Today a light bulb went off. I noticed that right next to Ol’ Kirby Taylor is ‘Me’. I never noticed that ‘Me’ before! Then I quickly scanned through the book to remember who came after Kirby. I thought at first it was Irene Taylor, because I thought that was her generation. Then I noticed Irene on the generation below. Unfortunately the Taylor-Webb tree only starts the Taylor line with George Thomas Taylor and Mollie Jane Webb’s children. So I didn’t have an instant answer. I had to wait until I could get to my computer.
Turns out ‘Me’ is Maude Taylor-Mefford. I’m unsure of when Maude died, so I don’t know if she wrote this out for someone, whether it be my Grandma or the person who did the tree originally. I do know her husband died in 1948 and Maude was still living when he died1. When I get to Maude in my family tree rehab, I’ll pay extra attention to her now, knowing that she might have been the knowledgeable one in the family on this stuff.
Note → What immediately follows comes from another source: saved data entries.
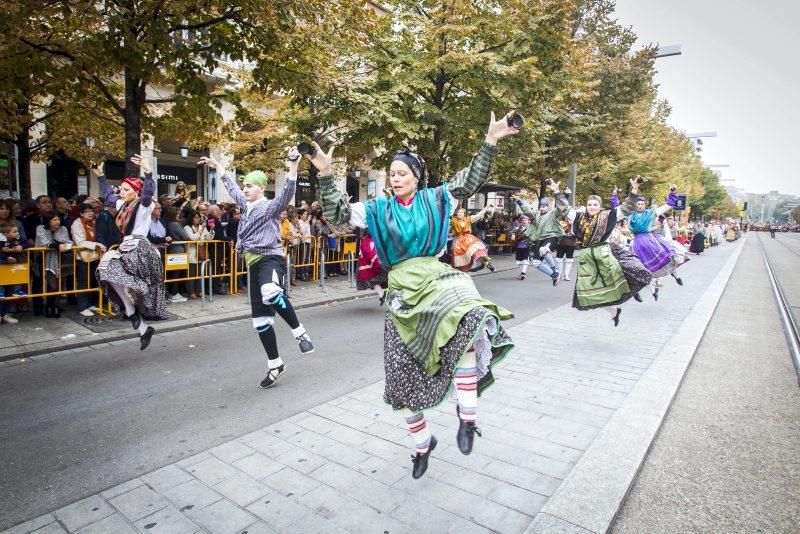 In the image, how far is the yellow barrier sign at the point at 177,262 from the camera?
929cm

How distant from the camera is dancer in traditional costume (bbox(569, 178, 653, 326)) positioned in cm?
690

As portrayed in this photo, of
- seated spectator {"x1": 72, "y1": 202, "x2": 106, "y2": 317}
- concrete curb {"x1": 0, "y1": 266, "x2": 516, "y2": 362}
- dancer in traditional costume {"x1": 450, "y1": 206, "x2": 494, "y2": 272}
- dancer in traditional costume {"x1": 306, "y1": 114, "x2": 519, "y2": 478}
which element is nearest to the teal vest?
dancer in traditional costume {"x1": 306, "y1": 114, "x2": 519, "y2": 478}

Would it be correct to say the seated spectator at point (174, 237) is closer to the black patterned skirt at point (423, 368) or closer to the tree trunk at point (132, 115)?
the tree trunk at point (132, 115)

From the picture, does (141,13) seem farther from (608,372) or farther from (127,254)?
(608,372)

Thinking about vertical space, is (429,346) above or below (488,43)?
below

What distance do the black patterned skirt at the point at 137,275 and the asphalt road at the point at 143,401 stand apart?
668 mm

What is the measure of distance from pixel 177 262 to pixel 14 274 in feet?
8.21

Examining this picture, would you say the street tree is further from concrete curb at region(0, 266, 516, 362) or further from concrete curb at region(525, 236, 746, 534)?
concrete curb at region(525, 236, 746, 534)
I’ll probably never know the sequence of events that led to the family tree that I was given. It’s kind of cool to think of Maude sitting down and sketching out that tree for her family though! I’ve personally found records to at least Bartholomew. He’s the Revolutionary War veteran. Kentucky records are very difficult to find for that far back. Whether it be courthouse disasters or just plain rural conditions that didn’t promote official records. There are parish records in Somerset County, Maryland though, I’ve seen them! I just have to go back and record the source information and get a second go through. I’m pretty positive there is more there than I first thought.
So you see, it’s always a great idea to constantly revisit your sources! Just a second look could bring new information!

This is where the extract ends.